▶ [TASK ITEM]: Below are lines of data, and only some are wanted. Please repeat exactly those from the line that has "Coach Coach Evelyn" through the line that has "KENSIE Jean Shorts".

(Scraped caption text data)
==================================================

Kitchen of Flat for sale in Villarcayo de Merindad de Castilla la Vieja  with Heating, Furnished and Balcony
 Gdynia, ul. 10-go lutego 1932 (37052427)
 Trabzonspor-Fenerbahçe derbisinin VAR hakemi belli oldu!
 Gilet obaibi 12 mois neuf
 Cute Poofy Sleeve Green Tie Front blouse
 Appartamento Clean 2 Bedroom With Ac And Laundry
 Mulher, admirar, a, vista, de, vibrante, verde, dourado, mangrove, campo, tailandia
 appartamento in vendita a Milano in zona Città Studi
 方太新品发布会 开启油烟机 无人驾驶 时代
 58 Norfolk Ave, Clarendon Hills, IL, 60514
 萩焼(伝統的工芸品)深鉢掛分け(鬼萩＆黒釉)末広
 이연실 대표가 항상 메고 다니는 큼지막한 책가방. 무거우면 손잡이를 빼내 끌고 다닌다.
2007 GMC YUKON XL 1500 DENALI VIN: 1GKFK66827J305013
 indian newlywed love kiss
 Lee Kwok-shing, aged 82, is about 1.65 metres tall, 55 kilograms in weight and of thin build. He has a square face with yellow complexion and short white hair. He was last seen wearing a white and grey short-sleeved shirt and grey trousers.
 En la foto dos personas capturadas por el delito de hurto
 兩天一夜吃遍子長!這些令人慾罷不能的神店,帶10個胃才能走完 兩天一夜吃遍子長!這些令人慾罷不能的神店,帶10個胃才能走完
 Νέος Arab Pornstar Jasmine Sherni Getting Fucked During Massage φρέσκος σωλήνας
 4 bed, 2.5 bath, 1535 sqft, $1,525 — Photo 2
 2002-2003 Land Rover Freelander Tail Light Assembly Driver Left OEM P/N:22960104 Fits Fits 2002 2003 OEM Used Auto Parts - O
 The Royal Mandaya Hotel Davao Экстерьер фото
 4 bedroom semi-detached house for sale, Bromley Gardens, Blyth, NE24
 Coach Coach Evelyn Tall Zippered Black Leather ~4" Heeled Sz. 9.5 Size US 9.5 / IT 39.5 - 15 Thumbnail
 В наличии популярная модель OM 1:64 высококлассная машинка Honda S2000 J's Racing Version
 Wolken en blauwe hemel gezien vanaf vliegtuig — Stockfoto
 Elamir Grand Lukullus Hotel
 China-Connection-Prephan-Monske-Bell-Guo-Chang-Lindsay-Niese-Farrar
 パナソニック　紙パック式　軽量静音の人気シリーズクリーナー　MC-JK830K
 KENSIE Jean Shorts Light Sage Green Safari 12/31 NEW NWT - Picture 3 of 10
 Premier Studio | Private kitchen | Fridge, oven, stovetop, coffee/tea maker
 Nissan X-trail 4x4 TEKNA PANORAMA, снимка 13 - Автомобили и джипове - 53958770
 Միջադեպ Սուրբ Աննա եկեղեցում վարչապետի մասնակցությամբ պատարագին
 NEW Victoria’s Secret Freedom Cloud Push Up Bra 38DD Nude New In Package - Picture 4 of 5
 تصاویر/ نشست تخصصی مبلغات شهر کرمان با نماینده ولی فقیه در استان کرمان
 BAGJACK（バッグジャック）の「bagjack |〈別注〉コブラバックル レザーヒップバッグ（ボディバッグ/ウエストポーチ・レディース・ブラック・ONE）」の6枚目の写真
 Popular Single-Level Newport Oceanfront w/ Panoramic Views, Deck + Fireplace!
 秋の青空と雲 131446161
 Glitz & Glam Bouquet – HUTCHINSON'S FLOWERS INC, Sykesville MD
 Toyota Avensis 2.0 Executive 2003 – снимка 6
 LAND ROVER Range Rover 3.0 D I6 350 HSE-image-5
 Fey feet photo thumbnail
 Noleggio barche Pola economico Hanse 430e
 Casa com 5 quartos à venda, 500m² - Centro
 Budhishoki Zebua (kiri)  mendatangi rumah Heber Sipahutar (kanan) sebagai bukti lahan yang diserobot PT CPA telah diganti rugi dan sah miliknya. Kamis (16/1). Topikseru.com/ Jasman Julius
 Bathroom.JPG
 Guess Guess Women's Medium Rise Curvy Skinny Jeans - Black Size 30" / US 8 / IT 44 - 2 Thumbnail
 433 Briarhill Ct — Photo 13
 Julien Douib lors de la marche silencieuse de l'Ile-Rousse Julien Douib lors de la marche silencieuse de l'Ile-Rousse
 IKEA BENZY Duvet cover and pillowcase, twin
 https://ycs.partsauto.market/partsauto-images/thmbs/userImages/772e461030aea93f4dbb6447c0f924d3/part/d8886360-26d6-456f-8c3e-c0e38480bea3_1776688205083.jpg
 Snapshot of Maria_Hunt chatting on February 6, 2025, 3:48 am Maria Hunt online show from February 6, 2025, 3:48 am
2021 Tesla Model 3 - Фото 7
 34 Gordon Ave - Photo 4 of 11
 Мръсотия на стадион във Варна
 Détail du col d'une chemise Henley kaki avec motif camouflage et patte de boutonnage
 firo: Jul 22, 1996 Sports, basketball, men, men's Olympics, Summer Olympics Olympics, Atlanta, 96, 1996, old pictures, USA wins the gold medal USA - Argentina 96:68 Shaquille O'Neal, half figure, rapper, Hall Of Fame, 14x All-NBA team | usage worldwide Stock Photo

==================================================

▶ [RESULT OF THIS TASK]:
 Coach Coach Evelyn Tall Zippered Black Leather ~4" Heeled Sz. 9.5 Size US 9.5 / IT 39.5 - 15 Thumbnail
 В наличии популярная модель OM 1:64 высококлассная машинка Honda S2000 J's Racing Version
 Wolken en blauwe hemel gezien vanaf vliegtuig — Stockfoto
 Elamir Grand Lukullus Hotel
 China-Connection-Prephan-Monske-Bell-Guo-Chang-Lindsay-Niese-Farrar
 パナソニック　紙パック式　軽量静音の人気シリーズクリーナー　MC-JK830K
 KENSIE Jean Shorts Light Sage Green Safari 12/31 NEW NWT - Picture 3 of 10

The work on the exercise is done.